Il 24 settembre 2019 venne depositata una seconda dichiarazione (https://www.un.org/Depts/los/LEGISLATIONANDTREATIES/PDFFILES/PSE_Deposit_09-2019.pdf ) che richiamava la prima e includeva coordinate geografiche e una mappa illustrativa che definiscono le linee di base e i limiti della rivendicazione palestinese.
I contenuti di quella seconda dichiarazione erano nella sostanza identici alla prima, con l’aggiunta però di una mappa a colori riproducente la ZEE palestinese, le cui coordinate geografiche erano state determinate utilizzando il World Geodetic System 1984.
Non essendo, quello palestinese, uno Stato riconosciuto da Israele, non si fece attendere la contestazione di Tel Aviv (https://www.un.org/depts/los/LEGISLATIONANDTREATIES/PDFFILES/communications/ISR_PSE.pdf ) che se da un lato non aderisce alla UNCLOS, dall’altro, molto astutamente, affermava che solo gli Stati sovrani hanno il diritto alle zone marittime, compresi i mari territoriali e le zone economiche esclusive, nonché di dichiarare i confini marittimi.

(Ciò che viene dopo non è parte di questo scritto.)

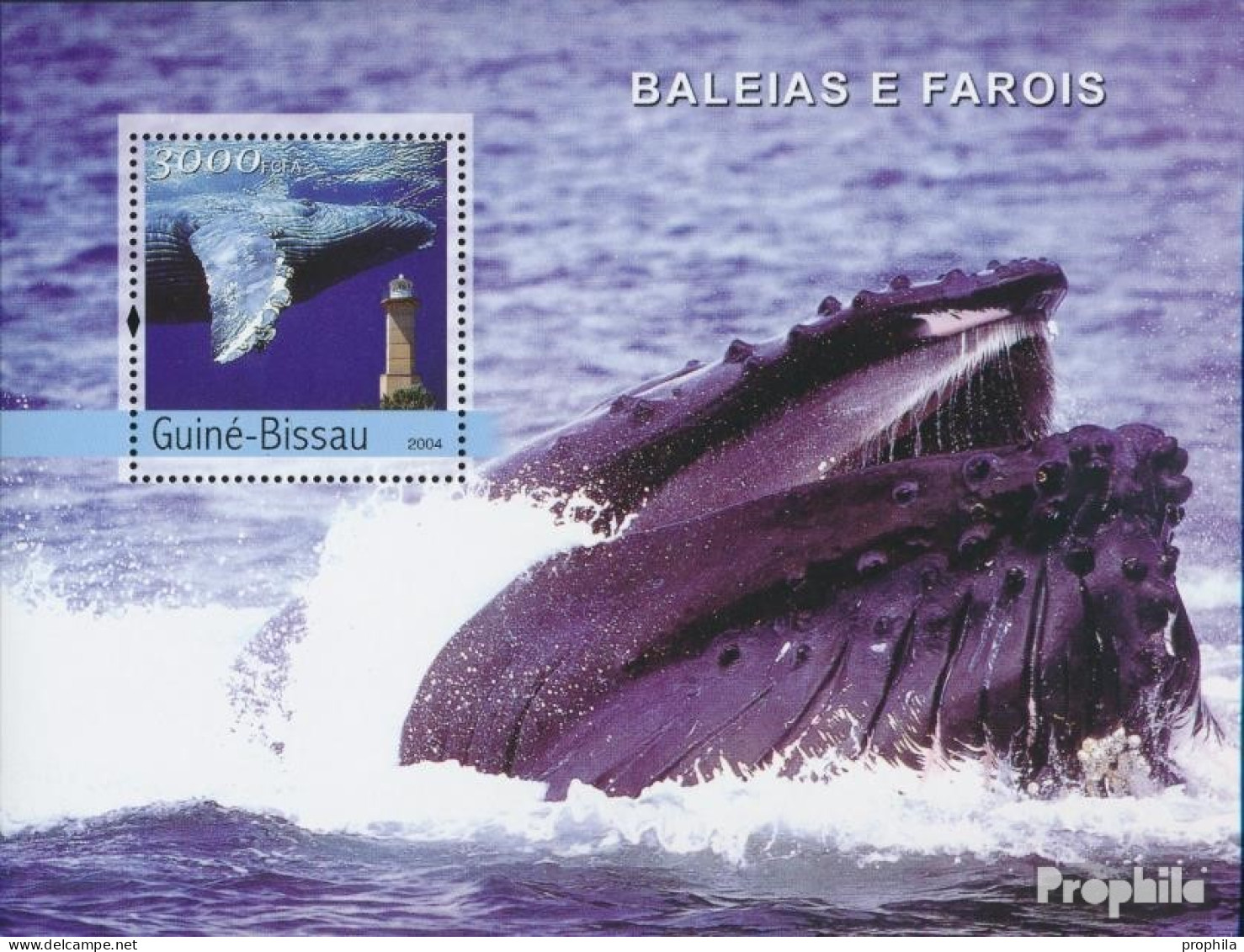 Guinea-Bissau Block 467 (kompl. Ausgabe) Postfrisch 2004 Wale Und Leuchttürme - Guinea-Bissau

Una volta chiarite le ragioni del contendere occorre, però, sottolineare che la disputa è frutto anche delle differenti metodologie attuate da palestinesi e israeliani per la delimitazione dei rispettivi confini marittimi.

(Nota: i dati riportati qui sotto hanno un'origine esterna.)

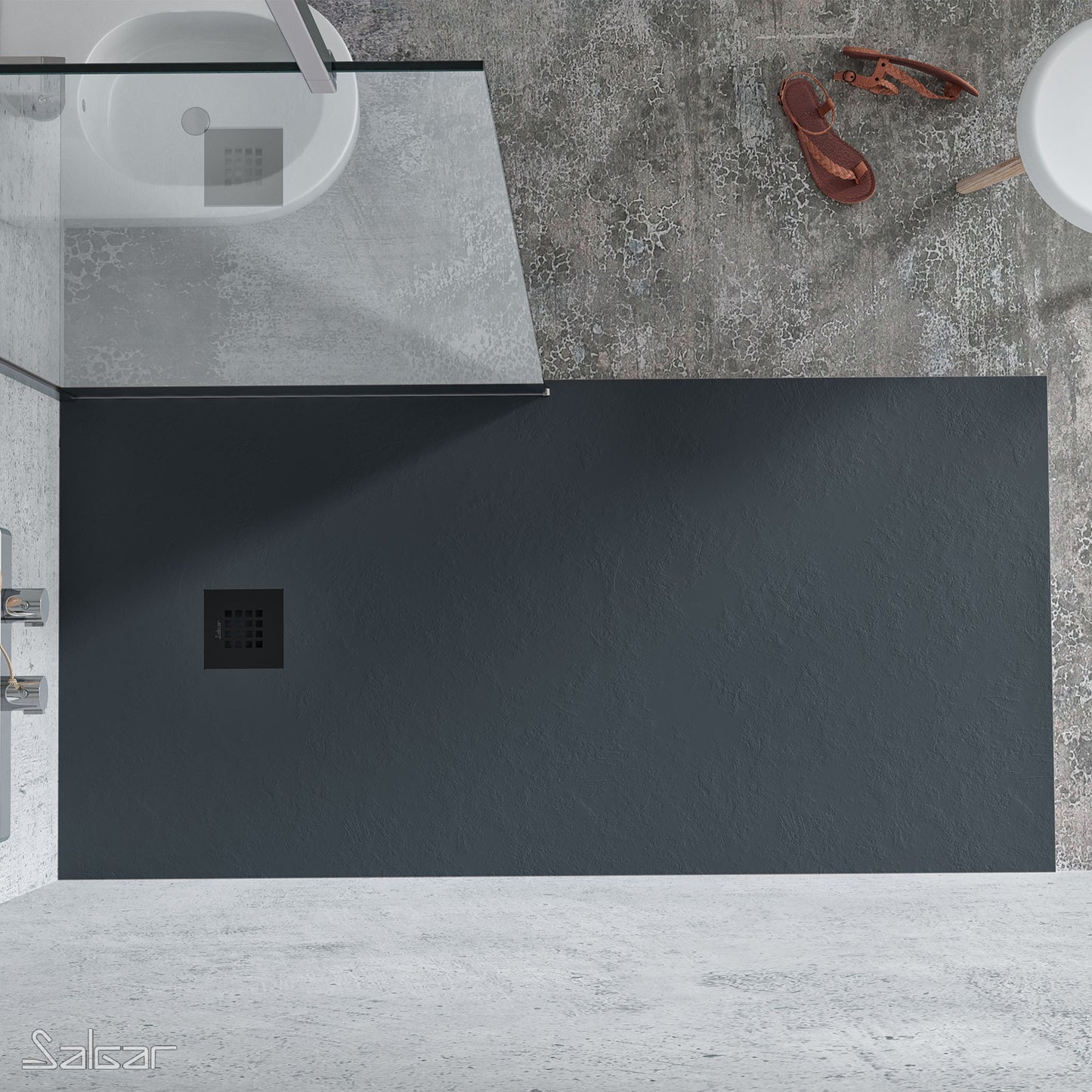 Shower tray RIOJA 900 x 2000 mm *Special order*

I primi, in ottemperanza agli articoli 74 e 83 della UNCLOS, hanno fatto ricorso al criterio equitable principles, che contempla l’esigenza di un accordo tra Stati richiamando l’Accordo di Oslo.
Diversamente, Israele adotta il principio della median equidistance line che consente invece di eludere il vincolo di un modus vivendi tra Stati rivieraschi.
Non è poi di scarsa importanza il peso dell’assenza di uniformità, in seno alla comunità internazionale, del pieno riconoscimento delle prerogative sovrane dello Stato di Palestina nonostante la maggioranza dei favorevoli.
Caso emblematico è la vertenza riguardante l’esplorazione di idrocarburi e installazione di giacimenti offshore lanciato con un bando del Ministero dell’Energia israeliano (cui ha partecipato anche l’ENI) del 13 dicembre 2022 (4° Offshore Bid Round - OBR4).
Alcune associazioni umanitarie palestinesi, constatando che la procedura richiamasse il diritto interno israeliano, denunciarono l’annessione de facto e de jure delle aree marittime già oggetto di rivendicazione della Palestina, scavalcando l’UNCLOS.
Esse fecero appello alle società coinvolte di astenersi immediatamente dalla partecipazione “ad atti di saccheggio delle risorse naturali sovrane del popolo palestinese” in violazione all’art 55 del regolamento annesso alla Quarta Convenzione dell’Aja concernente le leggi e gli usi della guerra terrestre che vieta lo sfruttamento delle risorse non rinnovabili del territorio occupato, a scopo di lucro commerciale e a beneficio della potenza occupante.
Israele, che non è Stato parte della Convenzione, in virtù di tale disposto normativo, è da considerarsi come mero amministratore e usufruttuario.
La soluzione alle criticità derivanti dai diversi approcci giuridico-internazionali alla questione della territorializzazione delle acque antistanti la Striscia di Gaza sembra al momento presentare tre vie: una di natura ancora giudiziale innanzi alla Corte Internazionale di Giustizia dell’Aja; una di natura diplomatica, attraverso una conferenza multilaterale dei Paesi mediterranei e, certamente quella più rapida, ma per sua stessa natura maggiormente foriera di instabilità e conflittualità, che tende ad affrontare le controversie attraverso il perseguimento di una mera politica di potenza.
Ad oggi, come dimostrano gli eventi di stretta attualità sembra essere (ancora) quest’ultima a prevalere.